Une vision égocentrique nous plaçant au centre de ce réseau en facilite la visualisation, mais reste artificielle. L’influence exercée par un autre corps sur nous dépend en partie des forces exercées sur cet autre corps par d’autres corps. Ainsi nous subissons, par transitivité partielle, l’influence d’autres corps auxquels nous ne sommes même pas directement liés.
Amour (l’amour qui ne trouve pas d’écho - celui qui se déverse dans un vide infini), tristesse, frustration, colère, déception, peur… Ces relations interpersonnelles se manifestent, à terme, en tant que sentiments. En l’occurrence, des sentiments susceptibles de nous troubler et de nous altérer négativement. Ils sont nos forces gravitationnelles, et leur poids écrasant nous comprime et nous étouffe.
Quelle énergie invoquer pour lutter ? Celle d’un cœur en fusion, nourri de plaisir, d’amusement, de confiance, d’excitation, d’amitié, d’Amour (le bon, cette fois-ci)...
En ce moment, mon cœur s’éteint. Il brûle suffisamment pour me faire souffrir, mais pas assez pour résister. Le refroidissement total semble inexorable, et c’est alors la mort qui nous cueille.

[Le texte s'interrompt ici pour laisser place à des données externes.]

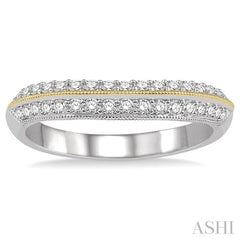 1/3 Ctw Double Row Round Cut Diamond Wedding Band in 14K White and Yellow Gold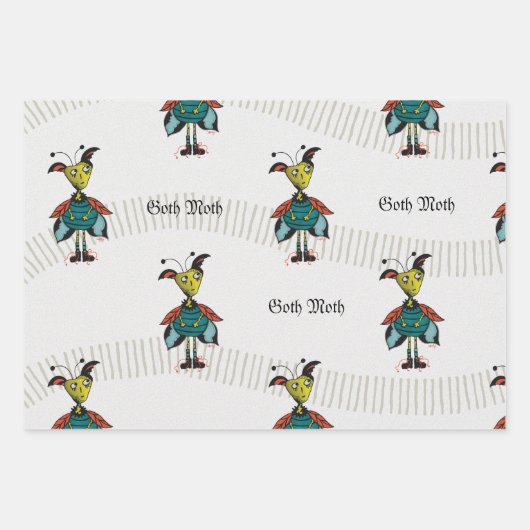 Gothic Moth - Papier voor onmiddellijke verpakking Inpakpapier Vel (Voorkant)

Les étoiles disparaissent bien avant que les observateurs externes ne s’en rendent compte ; sommes-nous également condamné.es à nous éteindre dans le secret ?
Ou bien, les émotions voyagent-elles plus vite que la lumière ? Notre appartenance à une réalité partagée ne comble pas l’espace infini entre deux consciences ; ce sont les émotions et leur résonance qui tissent des ponts entre deux êtres humains évoluant, fondamentalement, sur des plans différents.
Alors, peut-on être à l’heure pour se sauver les uns les autres ?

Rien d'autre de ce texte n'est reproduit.